WHAT THE EXERCISE ASKS:
The line containing "Load image into Gallery viewer, Life" and every line after it through the end of the records: return those exactly, and nothing more.

DATA FOR THIS TASK:

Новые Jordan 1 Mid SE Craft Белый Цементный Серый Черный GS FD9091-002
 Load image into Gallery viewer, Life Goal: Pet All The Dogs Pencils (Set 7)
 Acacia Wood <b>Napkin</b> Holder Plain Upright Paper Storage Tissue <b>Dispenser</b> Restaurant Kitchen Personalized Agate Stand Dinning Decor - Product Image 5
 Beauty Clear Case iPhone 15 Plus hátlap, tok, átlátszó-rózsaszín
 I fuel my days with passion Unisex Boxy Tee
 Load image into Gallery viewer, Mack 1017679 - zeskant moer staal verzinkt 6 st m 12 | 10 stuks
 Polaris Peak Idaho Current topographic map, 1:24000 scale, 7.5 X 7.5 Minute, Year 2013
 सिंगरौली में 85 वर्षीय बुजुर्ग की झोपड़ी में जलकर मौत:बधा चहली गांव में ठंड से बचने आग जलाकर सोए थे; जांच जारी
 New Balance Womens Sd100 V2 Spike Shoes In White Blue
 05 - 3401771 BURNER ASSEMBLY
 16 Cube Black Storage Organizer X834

COMPLETED EXERCISE:
 Load image into Gallery viewer, Life Goal: Pet All The Dogs Pencils (Set 7)
 Acacia Wood <b>Napkin</b> Holder Plain Upright Paper Storage Tissue <b>Dispenser</b> Restaurant Kitchen Personalized Agate Stand Dinning Decor - Product Image 5
 Beauty Clear Case iPhone 15 Plus hátlap, tok, átlátszó-rózsaszín
 I fuel my days with passion Unisex Boxy Tee
 Load image into Gallery viewer, Mack 1017679 - zeskant moer staal verzinkt 6 st m 12 | 10 stuks
 Polaris Peak Idaho Current topographic map, 1:24000 scale, 7.5 X 7.5 Minute, Year 2013
 सिंगरौली में 85 वर्षीय बुजुर्ग की झोपड़ी में जलकर मौत:बधा चहली गांव में ठंड से बचने आग जलाकर सोए थे; जांच जारी
 New Balance Womens Sd100 V2 Spike Shoes In White Blue
 05 - 3401771 BURNER ASSEMBLY
 16 Cube Black Storage Organizer X834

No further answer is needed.